> ASSIGNMENT
Reproduce exactly, and only, the lines of the material below running from the line bearing "Good morning guys, this" through the line bearing "That is the". Leave any pictures out.

> DATA EXTRACT
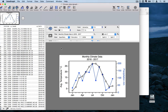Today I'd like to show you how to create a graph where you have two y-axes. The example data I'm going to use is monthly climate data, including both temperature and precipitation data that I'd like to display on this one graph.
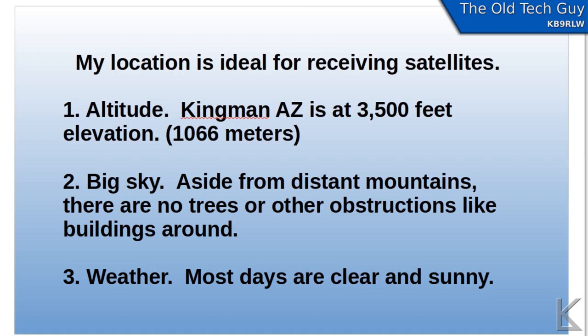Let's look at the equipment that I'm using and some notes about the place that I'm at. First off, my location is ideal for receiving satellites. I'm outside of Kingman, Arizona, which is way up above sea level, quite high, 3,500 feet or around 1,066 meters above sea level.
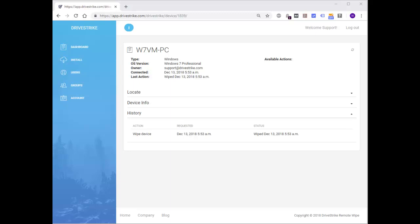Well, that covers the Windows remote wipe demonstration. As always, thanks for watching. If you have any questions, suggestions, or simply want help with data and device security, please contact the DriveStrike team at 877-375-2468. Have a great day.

...

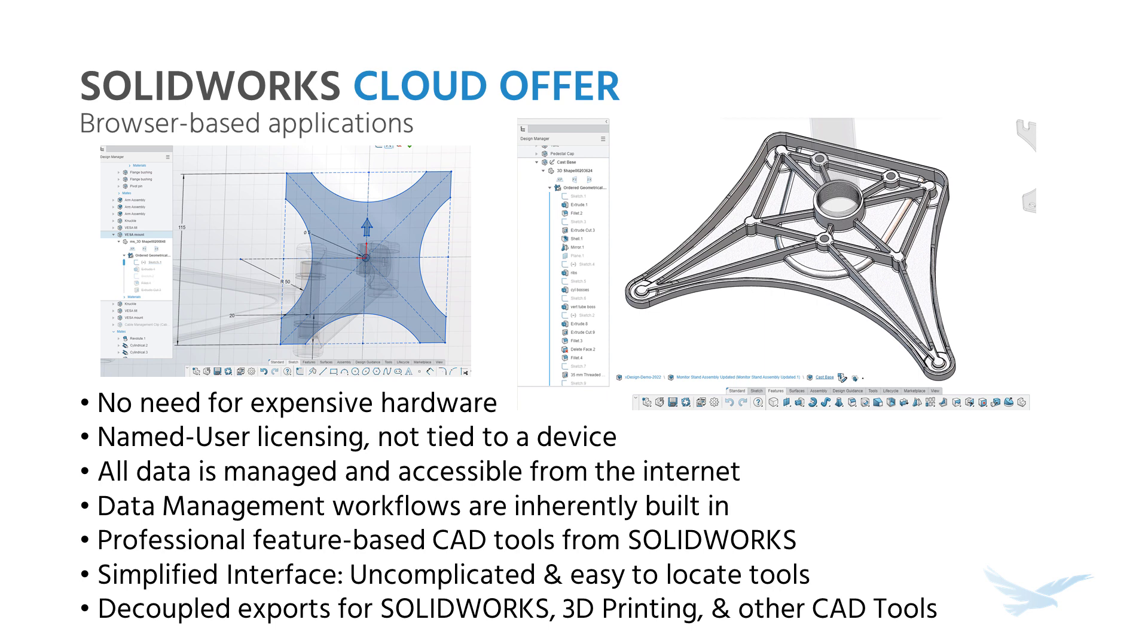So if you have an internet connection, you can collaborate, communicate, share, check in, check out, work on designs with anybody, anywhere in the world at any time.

* * *

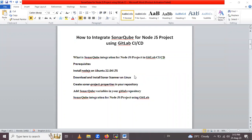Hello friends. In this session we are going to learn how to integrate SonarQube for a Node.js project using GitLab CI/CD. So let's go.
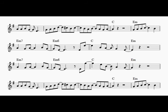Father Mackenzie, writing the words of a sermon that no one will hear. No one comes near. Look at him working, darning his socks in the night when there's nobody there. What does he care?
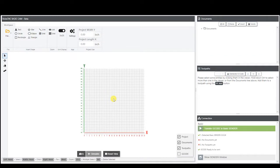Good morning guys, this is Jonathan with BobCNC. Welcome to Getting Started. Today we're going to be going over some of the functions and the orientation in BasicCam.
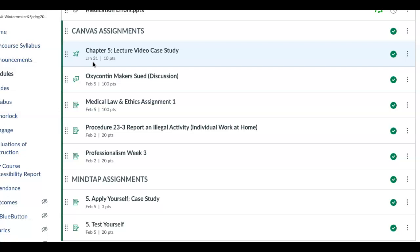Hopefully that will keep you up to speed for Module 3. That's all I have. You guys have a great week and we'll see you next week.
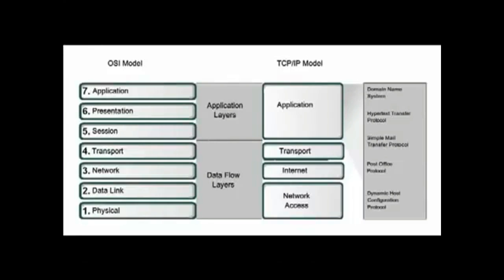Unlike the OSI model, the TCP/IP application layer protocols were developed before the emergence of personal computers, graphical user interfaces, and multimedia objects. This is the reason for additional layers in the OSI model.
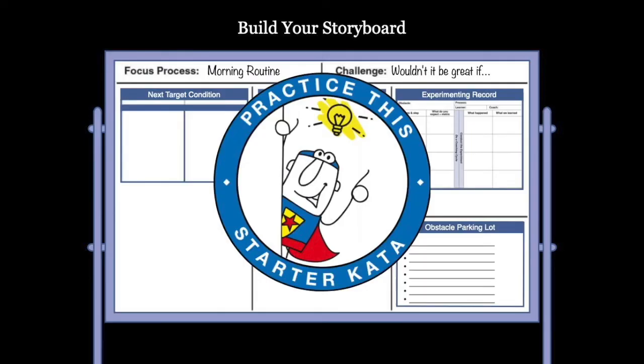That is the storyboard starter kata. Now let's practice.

> REPLY TO THE TASK
Good morning guys, this is Jonathan with BobCNC. Welcome to Getting Started. Today we're going to be going over some of the functions and the orientation in BasicCam.
Hopefully that will keep you up to speed for Module 3. That's all I have. You guys have a great week and we'll see you next week.
Unlike the OSI model, the TCP/IP application layer protocols were developed before the emergence of personal computers, graphical user interfaces, and multimedia objects. This is the reason for additional layers in the OSI model.
That is the storyboard starter kata. Now let's practice.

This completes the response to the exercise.